D'autres décisions ont suivi qui ont conféré valeur constitutionnelle, sur le même fondement, par exemple à l'indépendance des professeurs de l'enseignement supérieur (qui implique leur représentation distincte dans les instances universitaires) ou à la compétence exclusive du juge administratif pour connaître des actes administratifs unilatéraux mettant en oeuvre une prérogative de puissance publique...

Cette formule de « principes fondamentaux reconnus par les lois de la République » a fait couler beaucoup d'encre, car, par son caractère très ouvert, elle permettrait au juge constitutionnel d'élever au rang constitutionnel une multitude de règles.

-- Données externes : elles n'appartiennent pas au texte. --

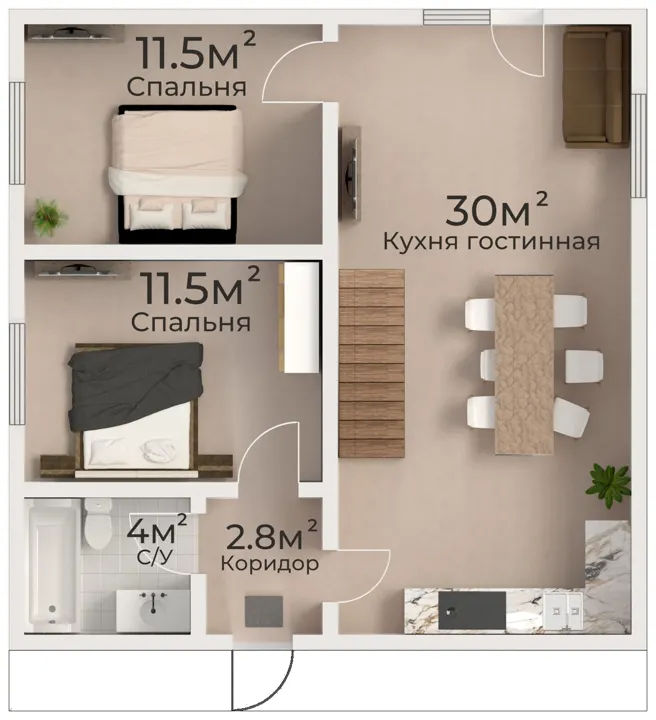 Планировка дома 60 м², вариант 2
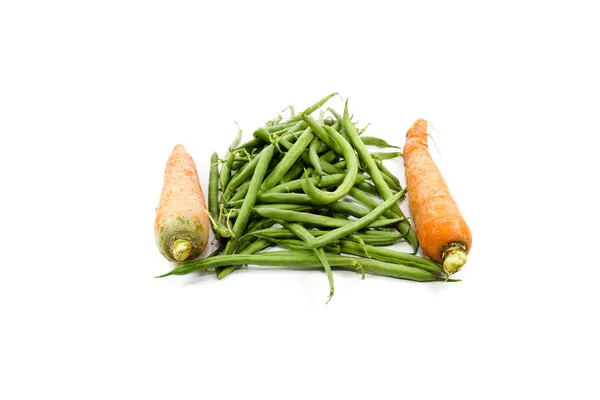 Fresh Green Stick beans with Carrots on white background — Stock Photo, Image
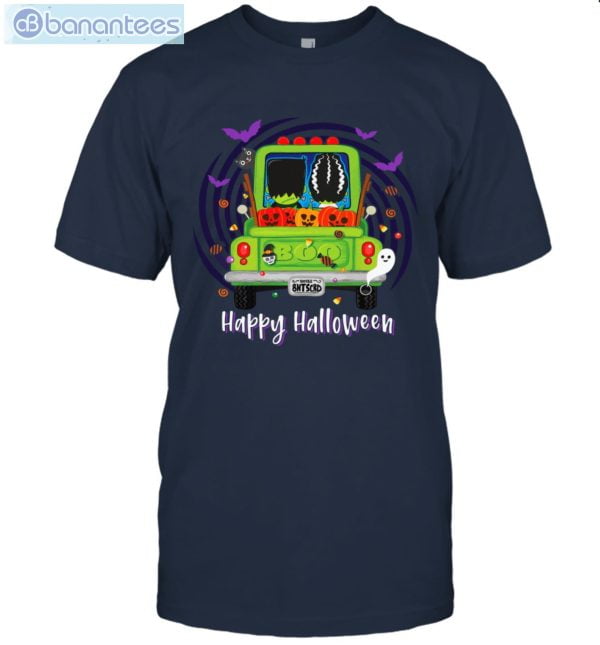 Frankenstein And Wife Happy Halloween T-Shirt Product Photo 4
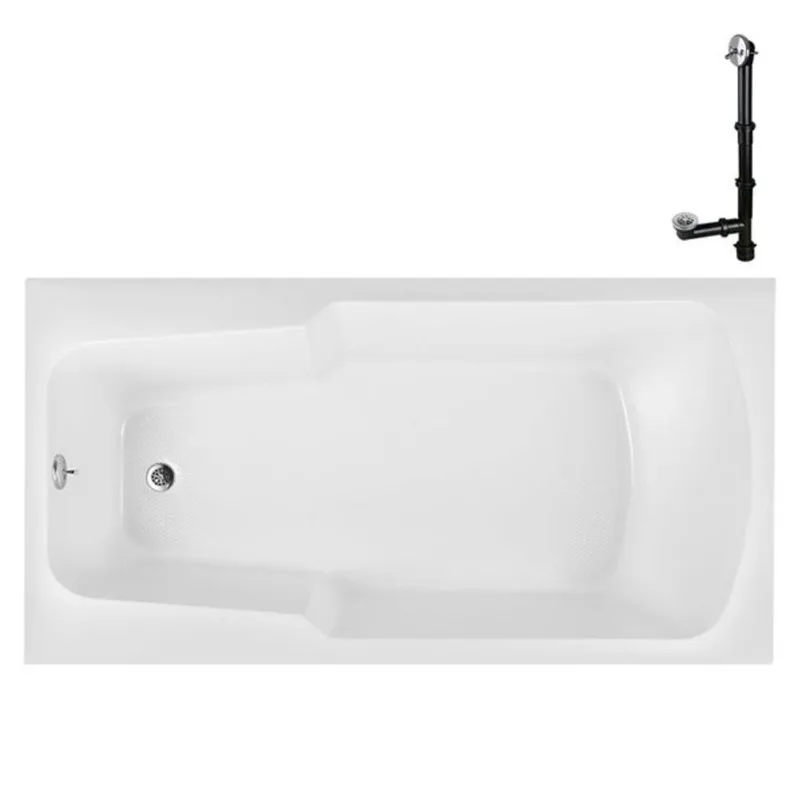 Streamline 72 x 36-in Acrylic Soaking Drop-In Glossy White Bathtub w/ External Drain in Polished Chrome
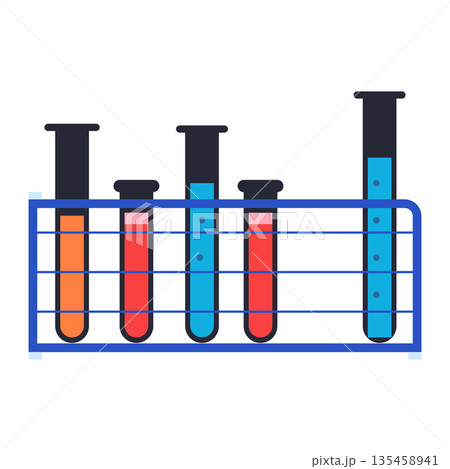 Scientific test tube rack with varying heights and colorful liquid samples for laboratory testing Scientific test tube rack with varying heights and colorful liquid samples for laboratory testing 135458941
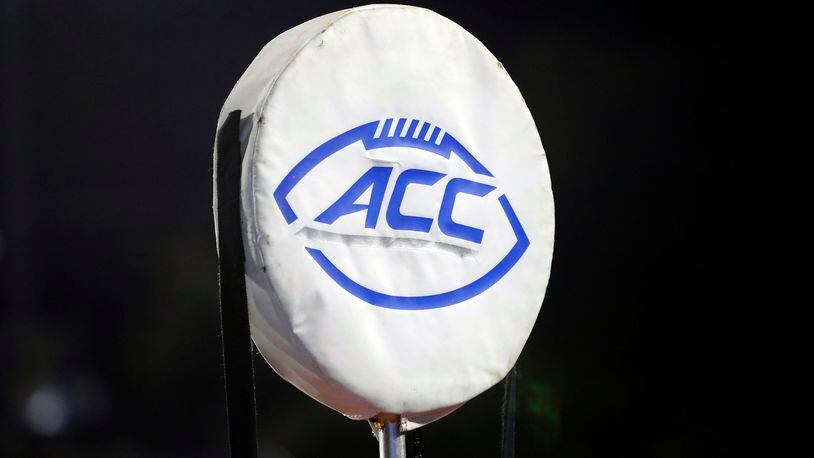 The ACC logo atop the chain marker during the second half of a game between Duke and North Carolina A&T, in Durham, N.C.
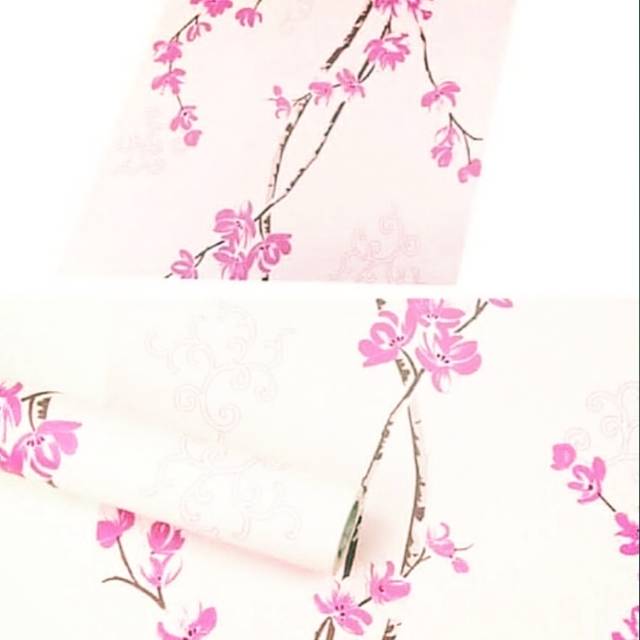 Wallpaper Motif Bunga Sakura Pink Shopee Indonesia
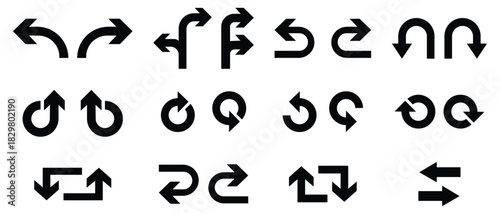 Mega set of direction arrow symbol icons. Circle arrows, rotate arrow, spinning loading symbol. Arrow template set. Driving direction mark, location point crossroad. Vector illustration.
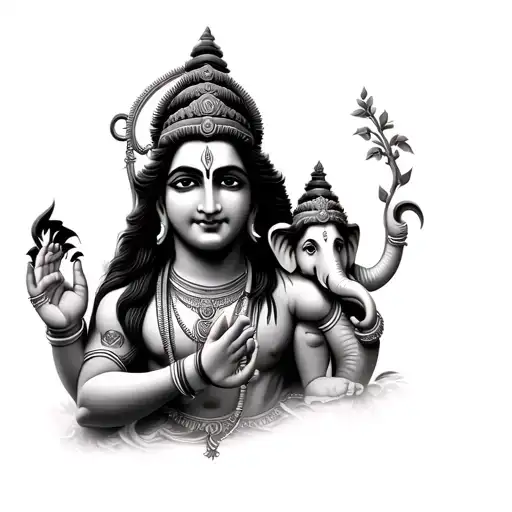 Lord Shiva with Lord Ganesha tattoo tattoo design idea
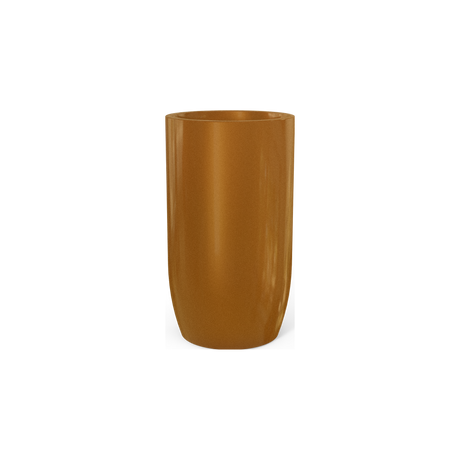 Lisbon Tall Round Planter, Metallic Bronze finish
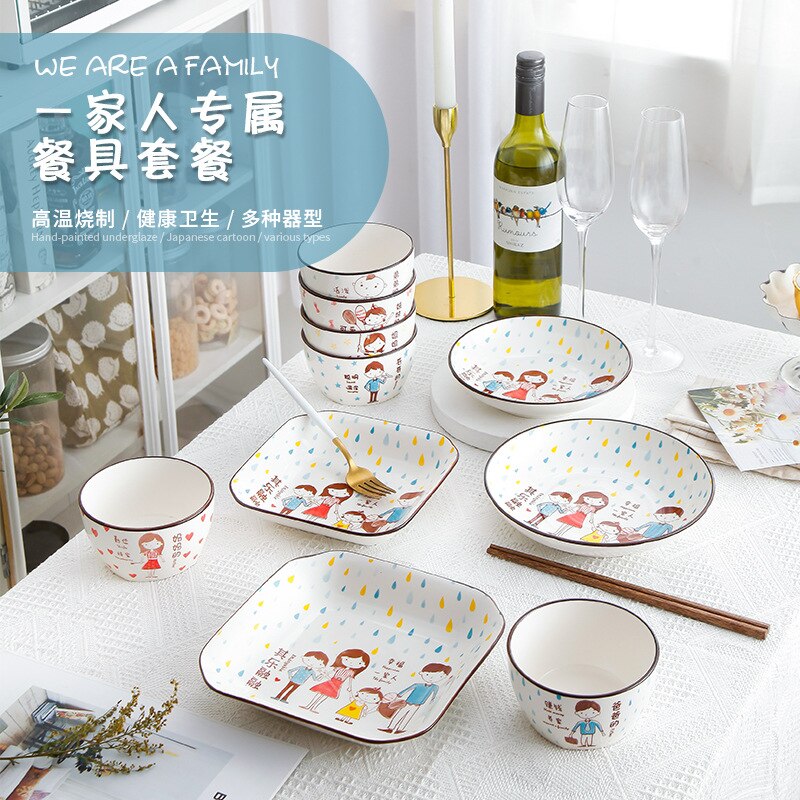 Creatieve Keramische Servies Ouder-Kind Kom Cartoon Familie Rijstkom Voor Een Gezin Van Vier Kommen En Borden Set ontbijt Plaat
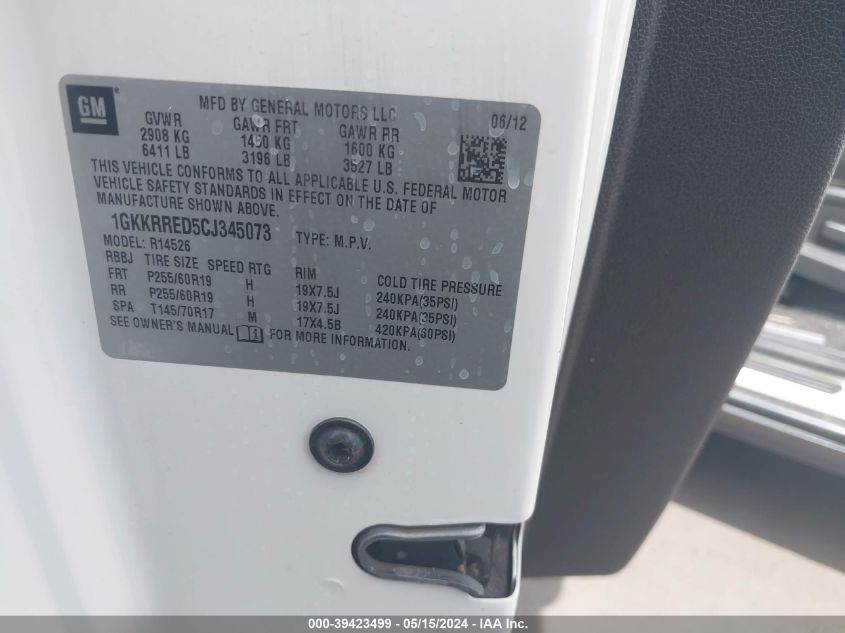 2012 GMC Acadia Slt-1 VIN: 1GKKRRED5CJ345073 Lot: 39423499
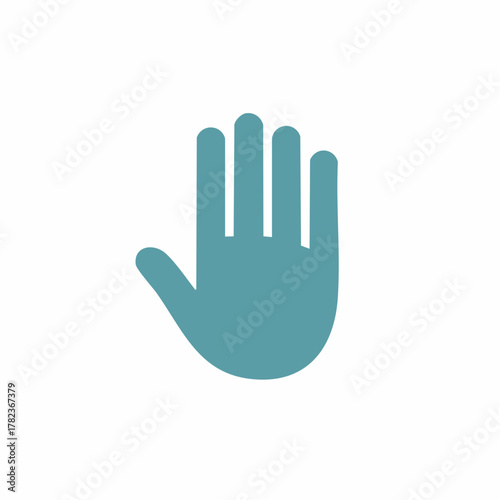 Flat icon of a hand with the palm facing forward and fingers extended, signaling to stop, pause, or wait.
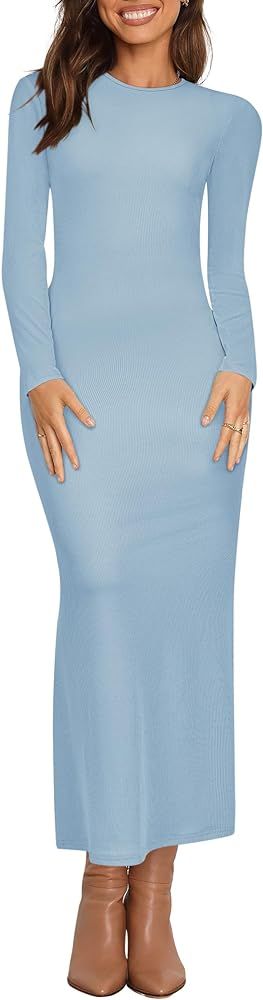 Zwurew Women's Long Sleeve Maxi Dress Round Neck Ribbed Knit Formal Casual Bodycon Dresses | Amazon (US)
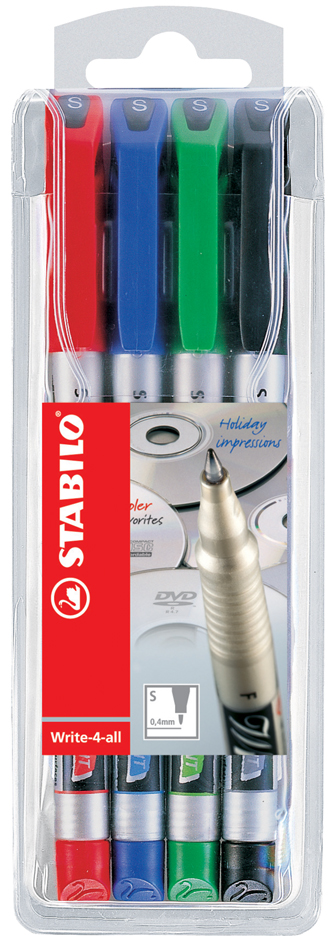 STABILO Permanent-Marker Write-4-all, M, 4er Kunststoffetui von Stabilo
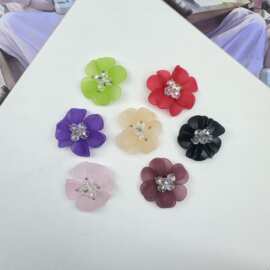 编织甜美彩色双层水晶花朵 diy头饰发簪包包耳钉胸花饰品装饰批发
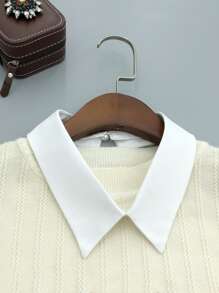 1pc Women's White Chiffon Pointed Collar Detachable Collar - White - View 3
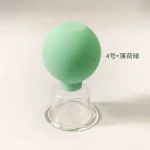 Mint green Glass Silicone Massage Vacuum Suction Cupping Cups for Body Face Leg Arm Back Shoulder Muscle and Joint Pain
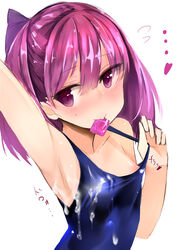 areolae armpits blush condom_wrapper cum cum_on_clothes fate/grand_order fate_(series) female heart helena_blavatsky_(fate) highres looking_to_the_side mouth_hold muoto one-piece_swimsuit purple_eyes purple_hair short_hair simple_background smile solo swimsuit white_background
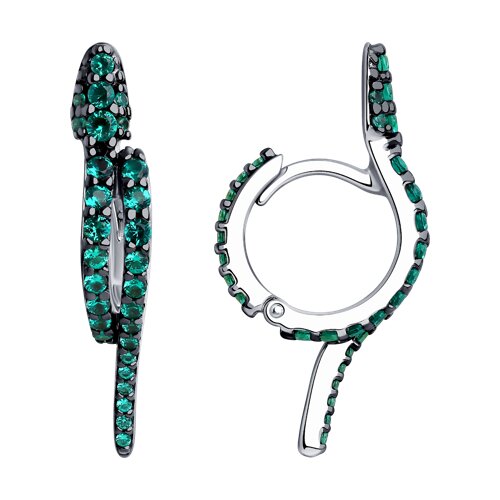 Серьги "Змеи" с фианитами из серебра 925 пробы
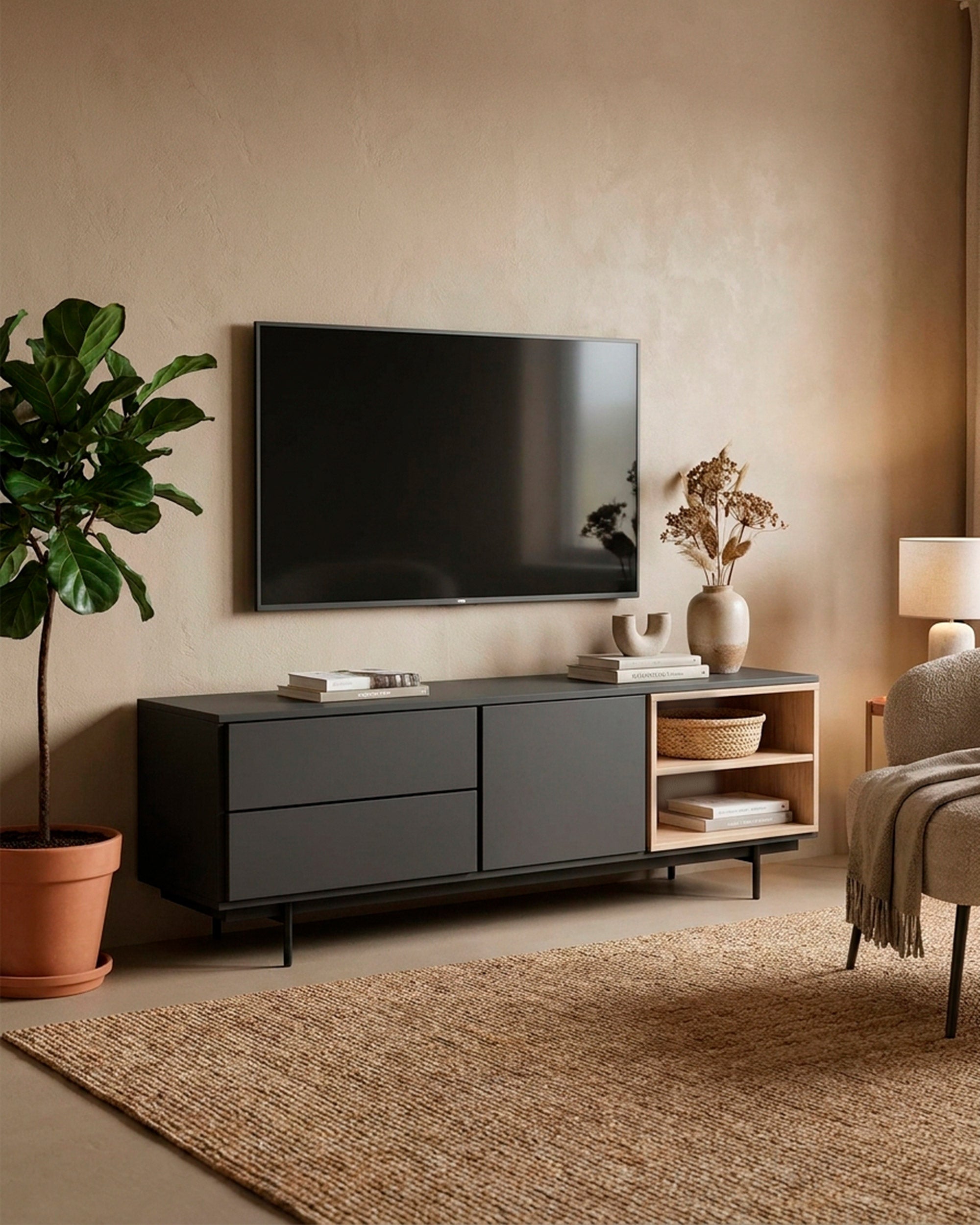MALMO TV stand with 1 door and 2 drawers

On a dénoncé le danger de voir le juge constitutionnel utiliser une telle « matrice de normes constitutionnelles » de façon arbitraire et inconsidérée, produisant une « Constitution bis » par voie purement jurisprudentielle, en faisant mine de l'extraire de la tradition républicaine. On a aussi souligné le péril de conservatisme juridique que cette constitutionnalisation du passé recélait.

Le Conseil constitutionnel a en partie clos le débat -et conjuré le danger- en s'imposant une certaine discipline d'interprétation dans la mise à jour des « principes fondamentaux reconnus par les lois de la République ». De plus, il a énoncé de façon détaillée cette discipline dans une décision de 1988 (20 juillet 1988, loi d'amnistie) : il faut que le principe ait un degré suffisant de généralité ; qu'il trouve un ancrage textuel dans une ou plusieurs lois intervenues sous un régime républicain antérieur à 1946 ; qu'il n'y ait jamais été dérogé par une loi républicaine etc...

Enfin, le Conseil préfère systématiquement, lorsqu'il en a le choix, faire reposer le contrôle de constitutionnalité sur une autre disposition constitutionnelle que les « principes fondamentaux reconnus par les lois de la République ». Ceux-ci ne sont donc utilisés qu'à titre subsidiaire.

On peut disserter à l'infini, sur un plan universitaire, des mérites de la règle d'interprétation que s'est donnée le Conseil en 1988 à propos des « principes fondamentaux reconnus par les lois de la République ». L'essentiel est ailleurs : dans la volonté d'autolimitation (« self restraint ») et de transparence qu'elle manifeste.

Autre exemple d'interprétation manifestant une volonté d'autolimitation. L'article 55 de la Constitution française énonce que les traités ont, dès leur ratification par la France, une valeur supérieure à celle des lois. Cette affirmation du caractère moniste du système juridique français devait-elle conduire à faire du respect par la loi des engagements internationaux de la France une condition de leur constitutionnalité ?

L'enjeu était, là encore, considérable : en cas de réponse positive, les normes de référence du contrôle de constitutionnalité s'étendaient à l'ensemble des instruments internationaux auxquels la France est partie...

Cette solution a été écartée en 1975 (15 janvier 1975, interruption volontaire de grossesse) au moyen d'une technique d'interprétation que l'on rattachera, faute de trouver un meilleur terme, au « réalisme fonctionnel » : l'article 55 ne condamne pas la loi contraire au traité. Simplement, mais c'est déjà beaucoup, il oblige les juridictions de droit commun à faire prévaloir le traité sur la loi contraire, même postérieure (ce que font quotidiennement toutes les juridictions françaises depuis le début des années 90).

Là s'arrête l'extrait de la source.